Apollo spoke to that very deeply. Man landing on the Moon was an amazing technical achievement, but I think to many around the world, especially Americans, it felt right. Like it was what we were destined to do all along.

But many at NASA, in that era and since, realized that sending humans beyond the Moon would need an extensive orbital infrastructure to be practical. You need someplace to construct the giant vehicles necessary, you need workhorse vehicles to haul all the material to orbit, as well as a place to test out long-term habitation and industrial techniques. Thus the need for a shuttle and the space station, and the other plans NASA had its old 'grand architecture.' This goes back to what I talked about last time--just how vast the scale of space is. We're microbes trying to cross an ocean on specks of dust. With our current level of technology, there really is no other way to go about sending humans out into the solar system without this infrastructure.

In the coming era, I think space agencies and companies may begin to specialize--instead of being a catch-all for all space efforts the way many agencies have been, they may begin specializing according to what they do best. For example, the private companies will be all about tourism, the fledgling countries will want to compete for launch services, Russia I'm sure would love to be at the forefront of space stations and colonies in orbit, Japan seems determined to create solar power satellites, and so on.

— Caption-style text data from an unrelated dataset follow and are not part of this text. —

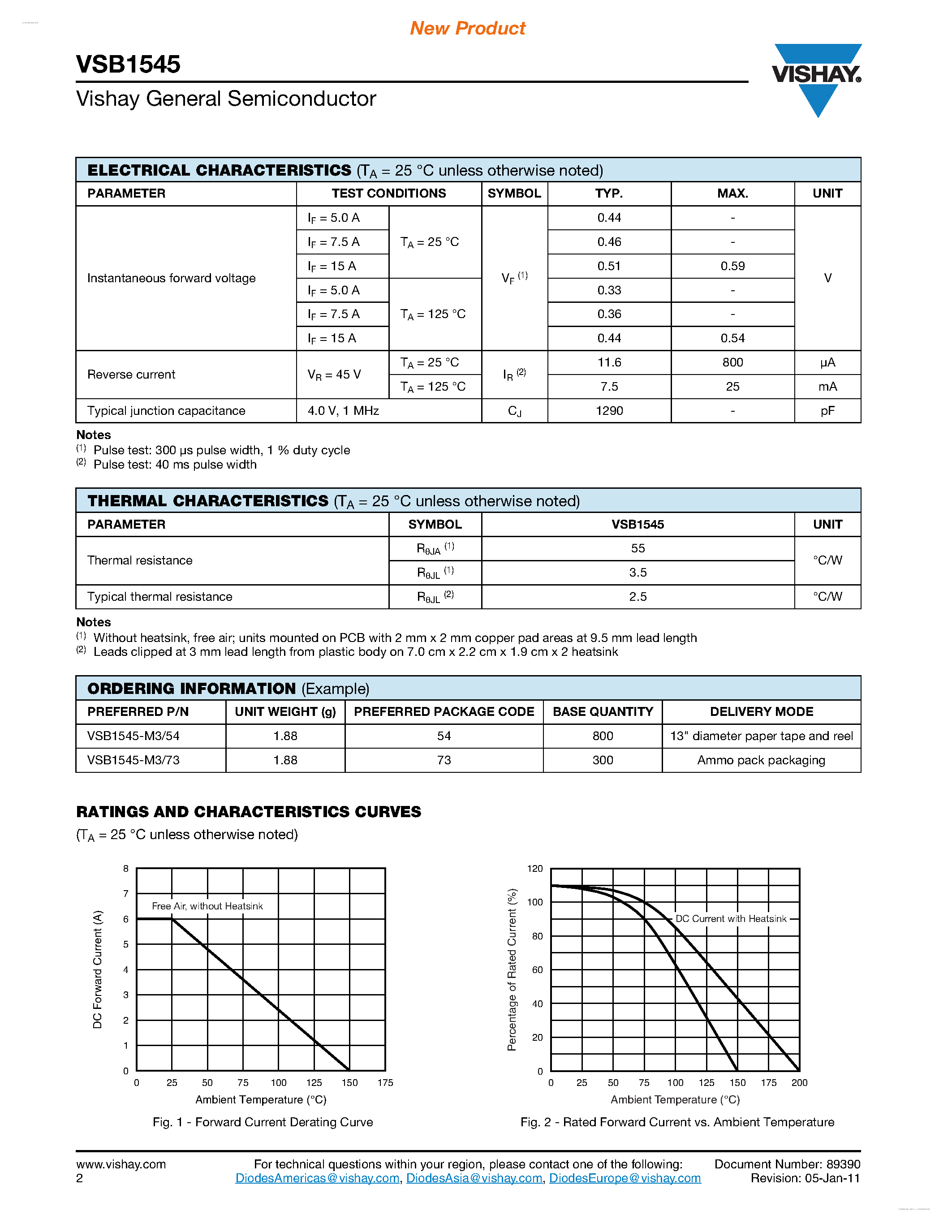 Datasheet VSB1545 - Photovoltaic Solar Cell Protection Schottky Rectifier page 2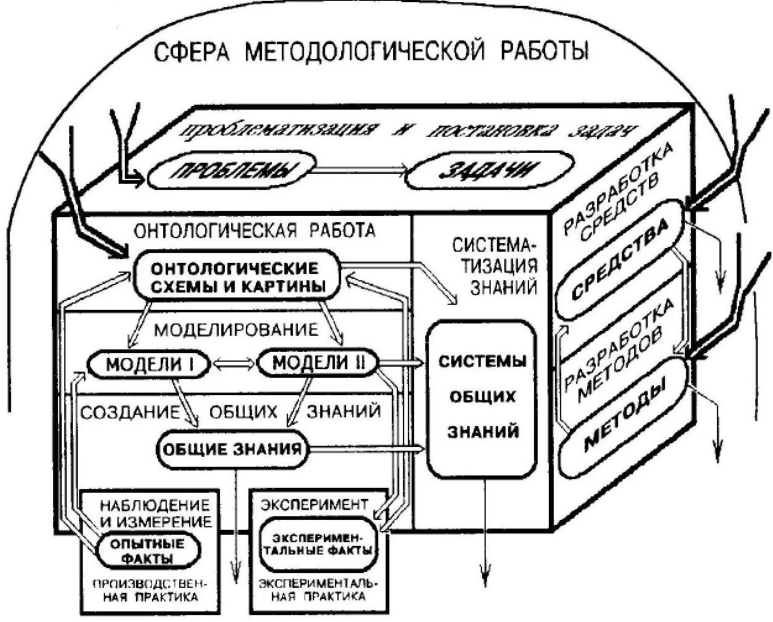 Современные методологические программы - Анализ взглядов Т. Куна на проблему революций в науке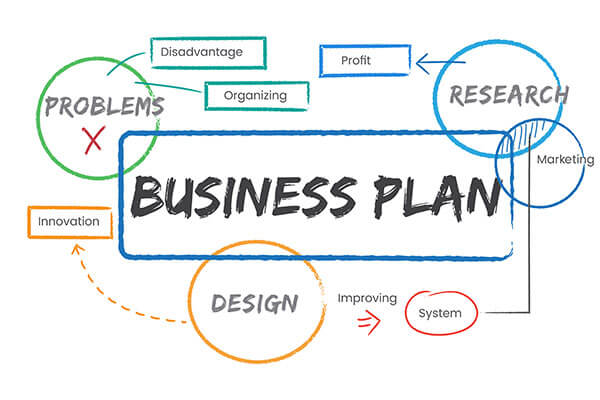 Как се прави бизнес план: 14+ важни елемента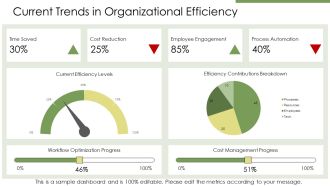 Unlocking Efficiency In Organizational Functions PPT Structure AT Impressive Unique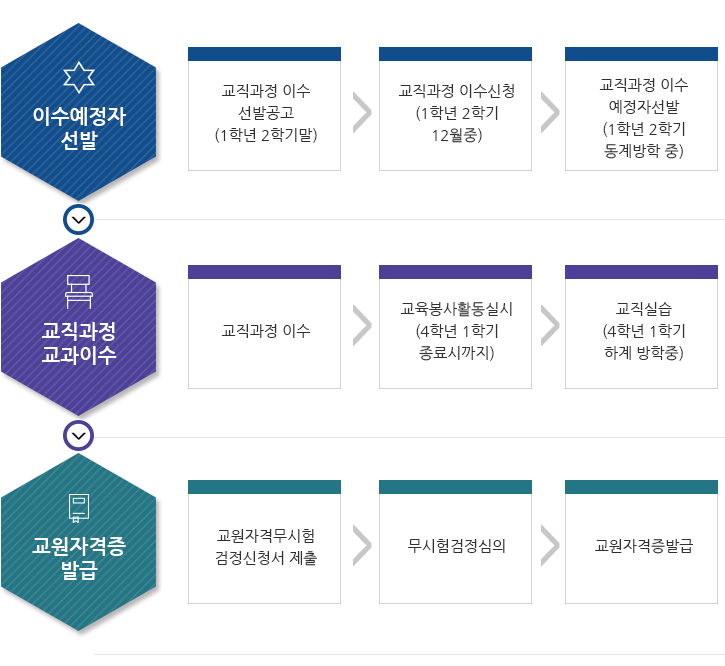 교직과정 이수절차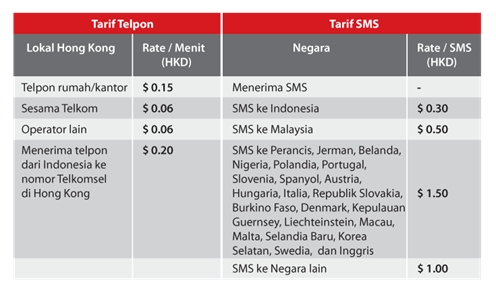 tarif nelpon tarif nelpon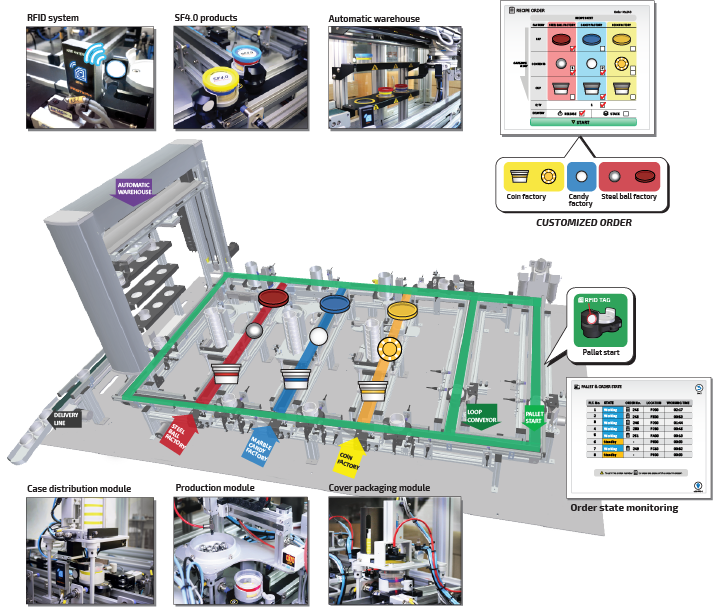 SF4.0 (Smart Factory 4.0) - SMART FACTORY 4.0 (SF4.0) - FESTECH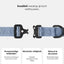 William Walker - Jacquard nylon halsband Sky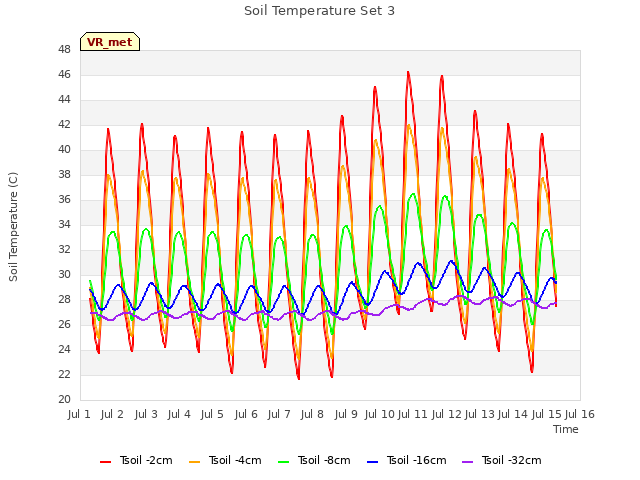 plot of Soil Temperature Set 3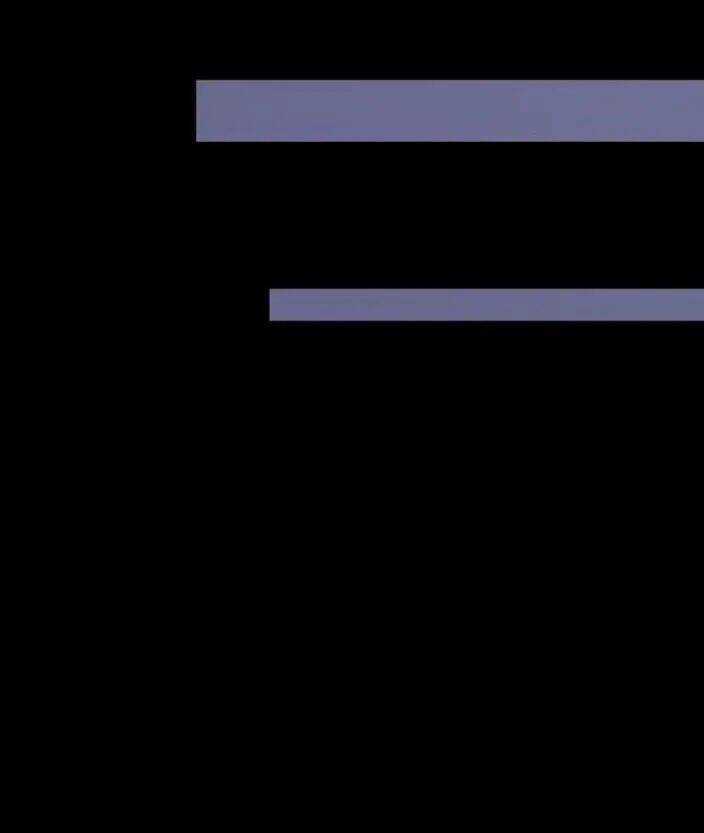 Cô Ấy Không Đáng Yêu Chapter 13 trang 7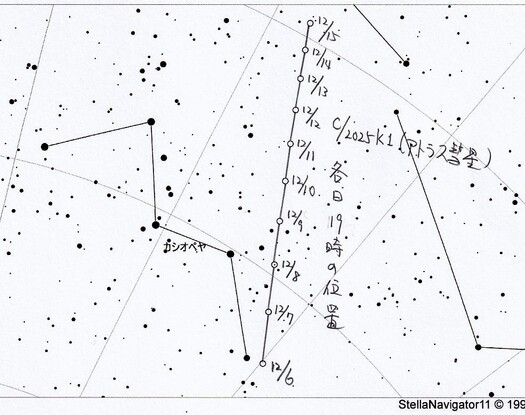 １２月の観測ガイド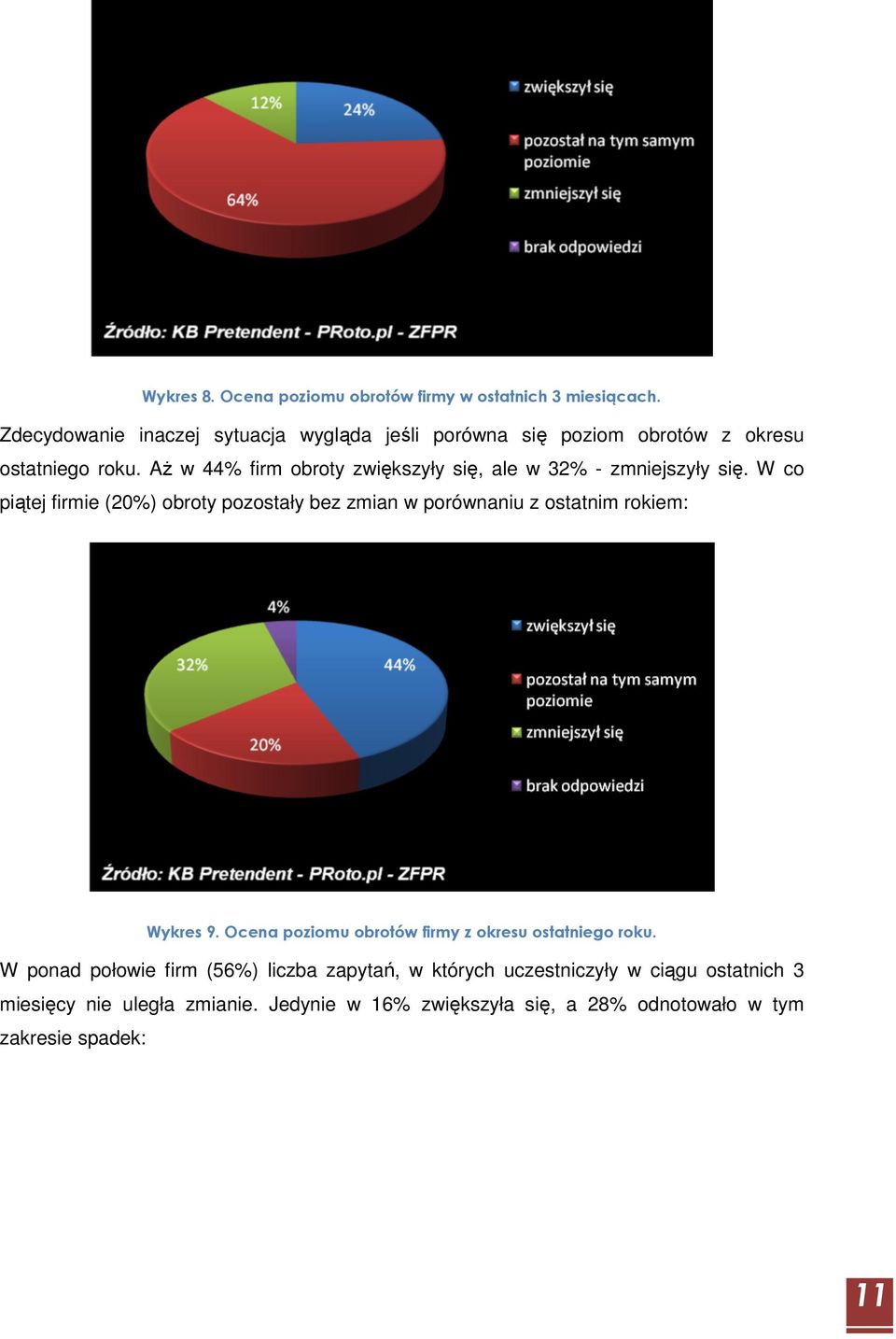 AŜ w 44% firm obroty zwiększyły się, ale w 32% - zmniejszyły się.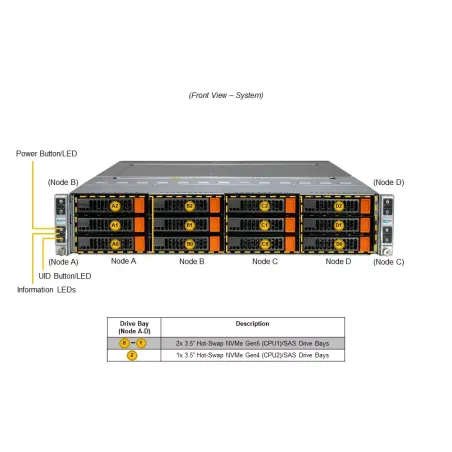 SYS-621BT-HNC8R Supermicro BigTwin 2U 4-Node-3x3.5" SAS SATA NVMe-X13DET-B-827BQ2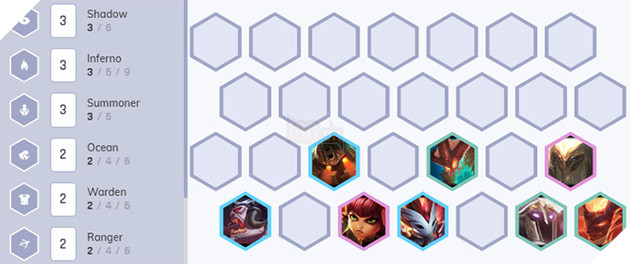 đội hình triệu hồi bóng tối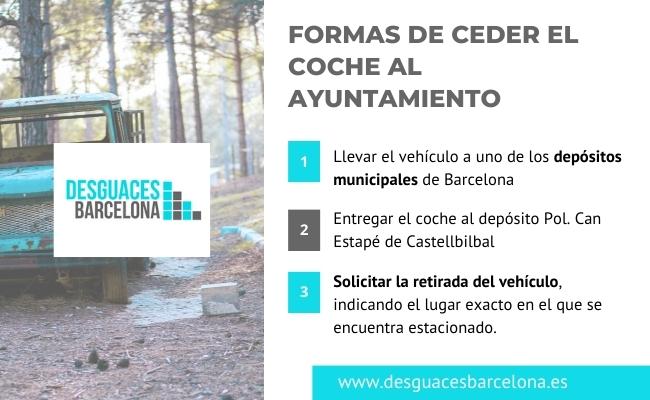 Formas de ceder un coche al ayuntamiento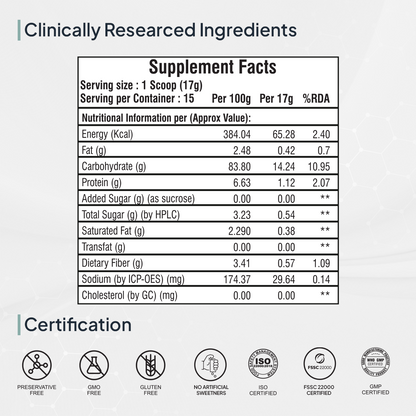 https://cdn.shopify.com/s/files/1/1857/6931/files/Facts_Certificates_3.png?v=1715255615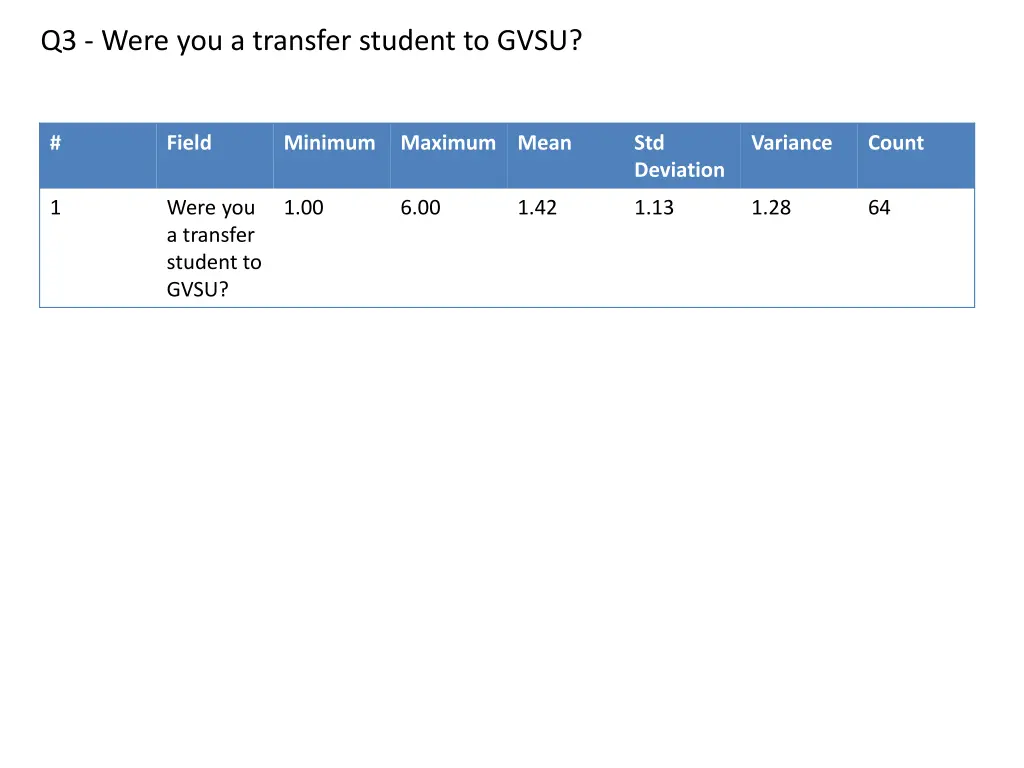 q3 were you a transfer student to gvsu 1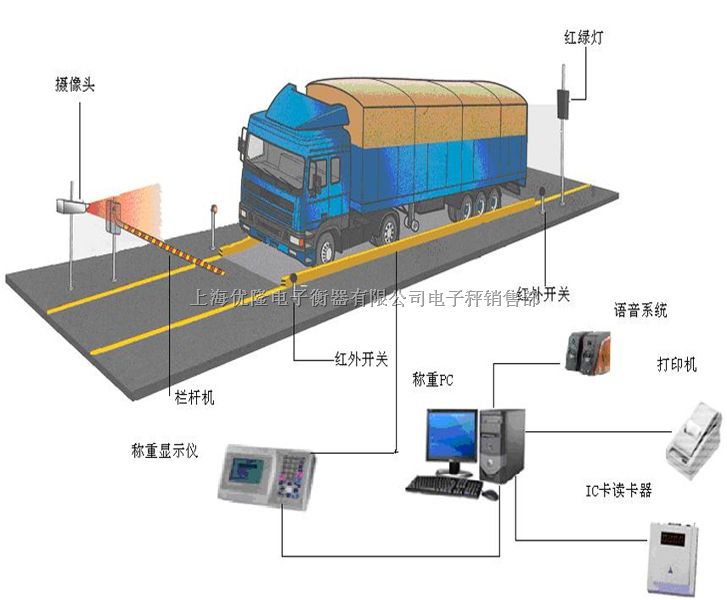 > 防作弊地磅报价,无人值守电子汽车衡 > 高清图片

And Americans I think will work very hard, as they have historically, to be humanity's great explorers of space, to always push the envelope of where humanity goes and what we go out in the Great Dark. The next great age of American manned exploration may not start until the other countries catch up and build the infrastructure that the US needs to explore but still seems very reluctant to participate in. I'm sure that there will be American stations and moonbases and what not, but the US will not fully wake from its current ennui about space until we once again can finally start taking great leaps for all mankind.